WHAT IS BEING ASKED: Beneath this line are entries. Copy the range from the line with "Thoth Tarot Aleister" to the line with "Exploring Los Angeles, California", ends included, exactly; leave pictures out.

DATA TO EXAMINE:
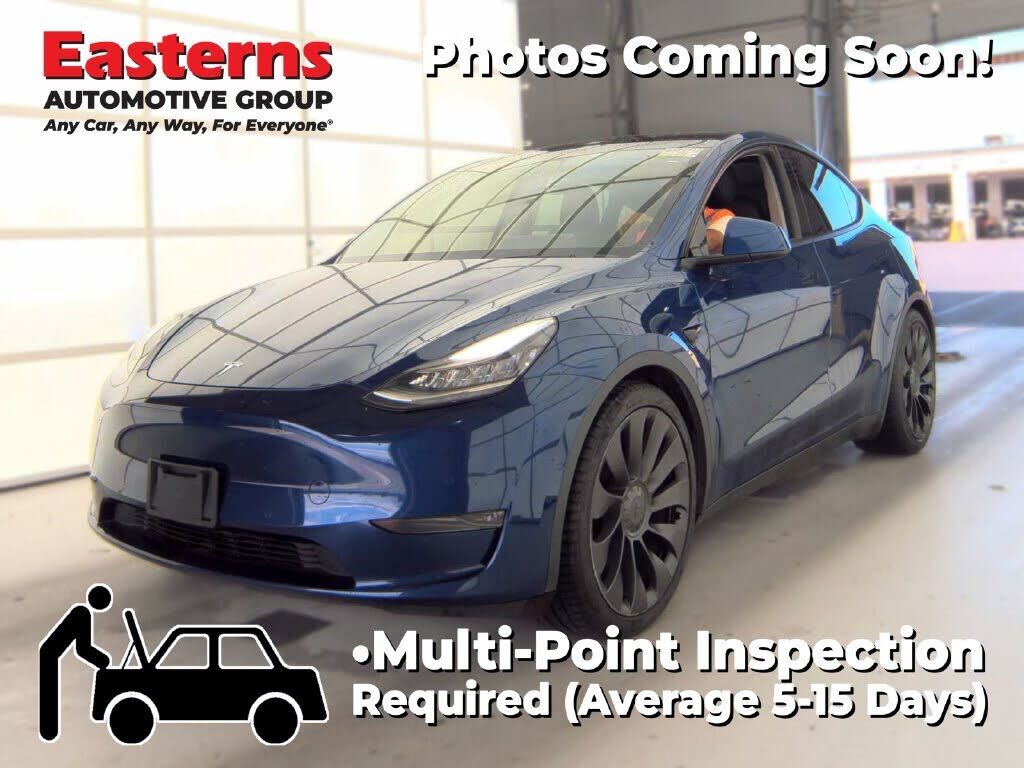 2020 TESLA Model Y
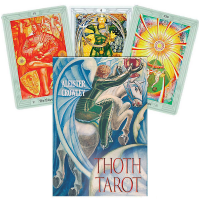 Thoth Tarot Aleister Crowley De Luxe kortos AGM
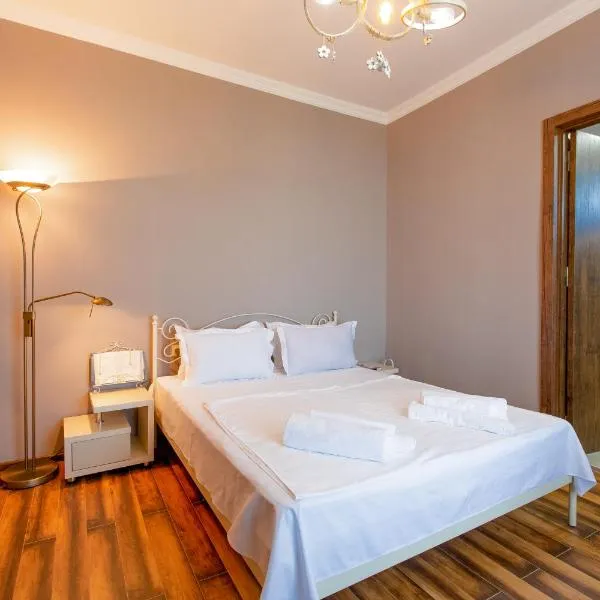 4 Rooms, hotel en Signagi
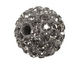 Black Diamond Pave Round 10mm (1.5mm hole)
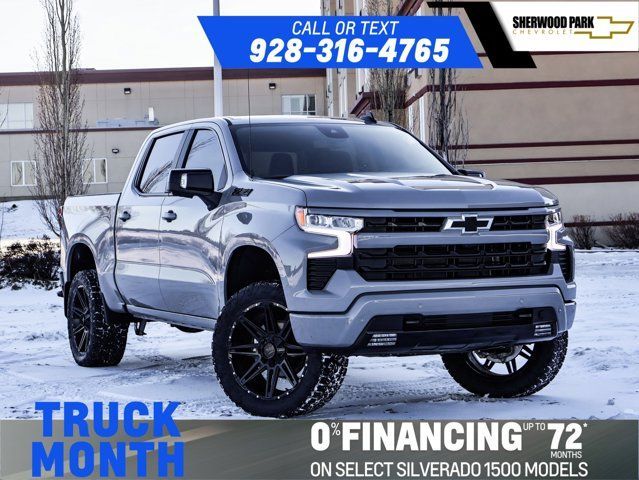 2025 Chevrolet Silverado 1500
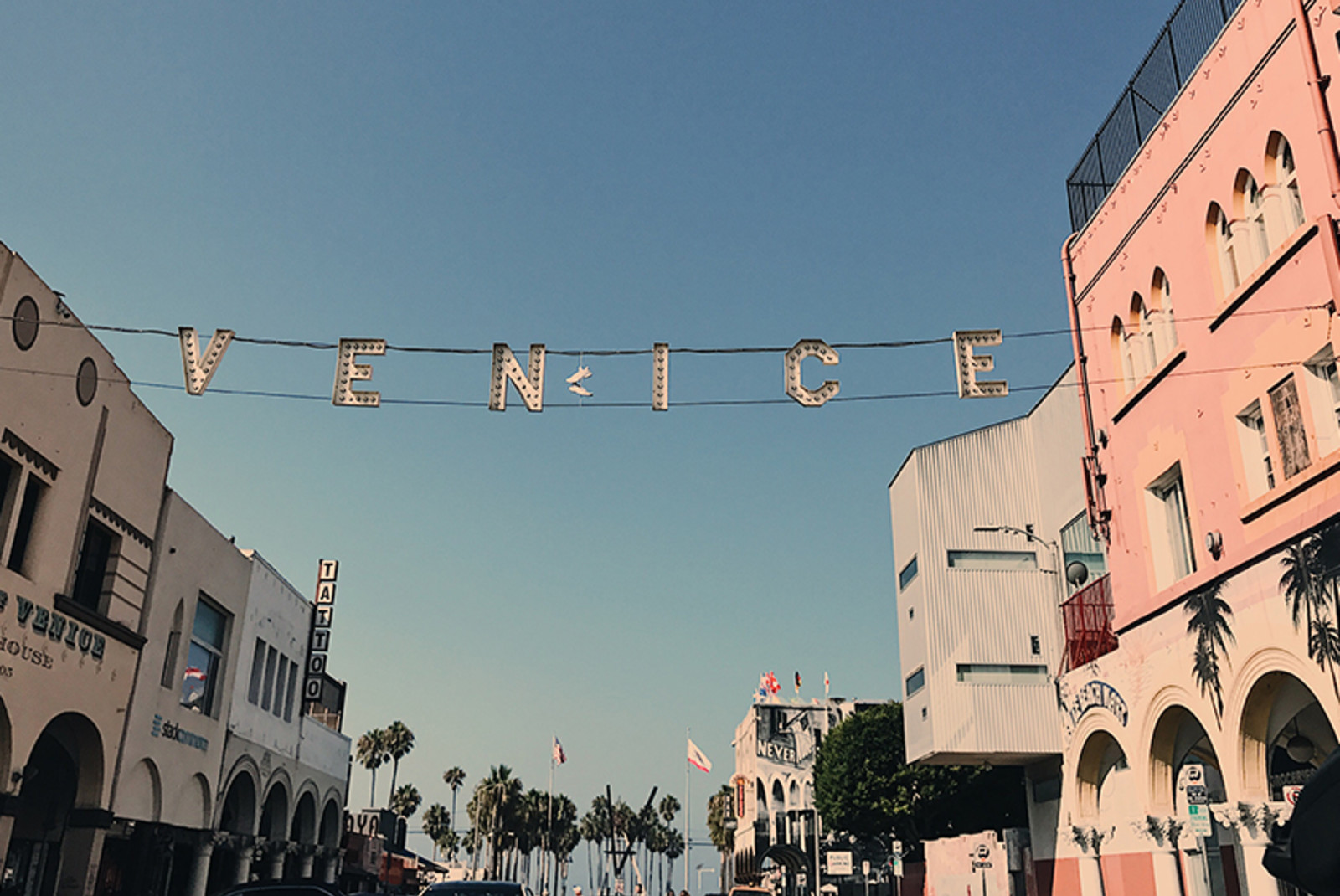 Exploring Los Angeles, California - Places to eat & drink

==

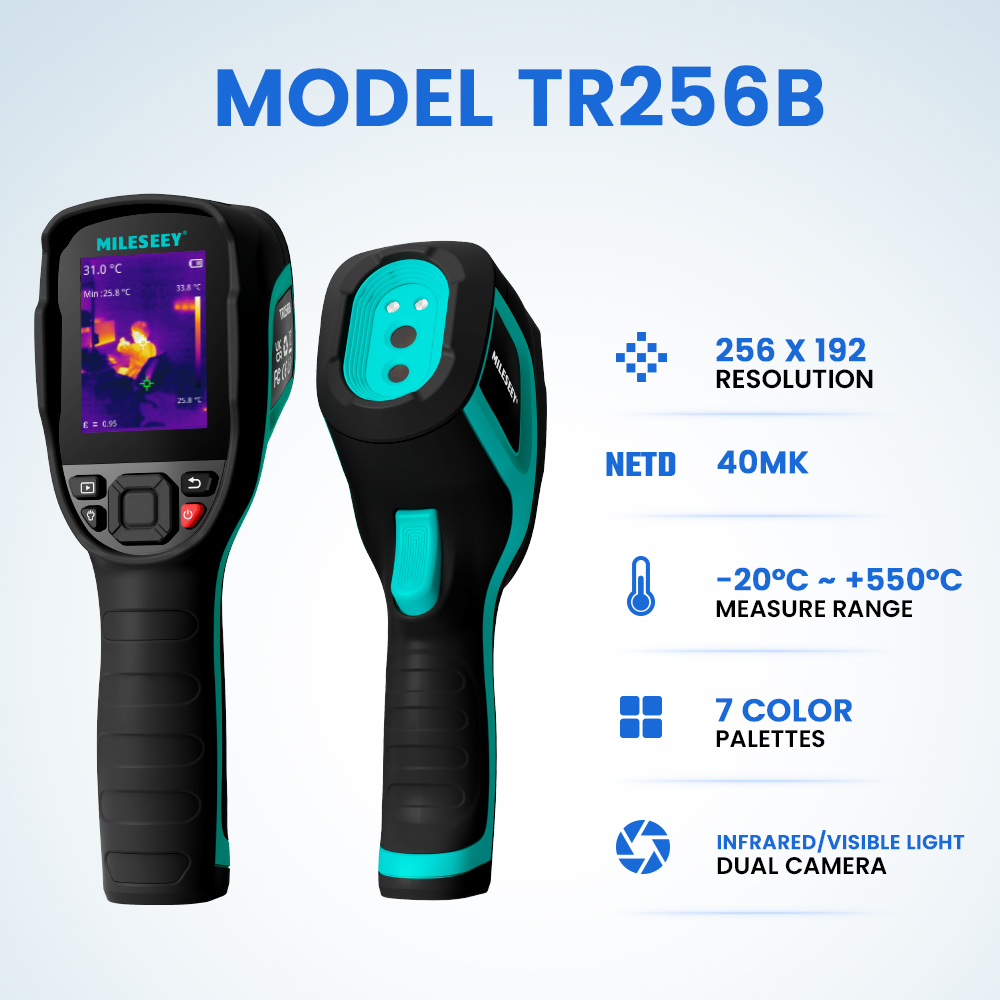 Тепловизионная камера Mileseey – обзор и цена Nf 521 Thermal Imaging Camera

PROBLEM SOLUTION:
 Thoth Tarot Aleister Crowley De Luxe kortos AGM
 4 Rooms, hotel en Signagi
 Black Diamond Pave Round 10mm (1.5mm hole)
 2025 Chevrolet Silverado 1500
 Exploring Los Angeles, California - Places to eat & drink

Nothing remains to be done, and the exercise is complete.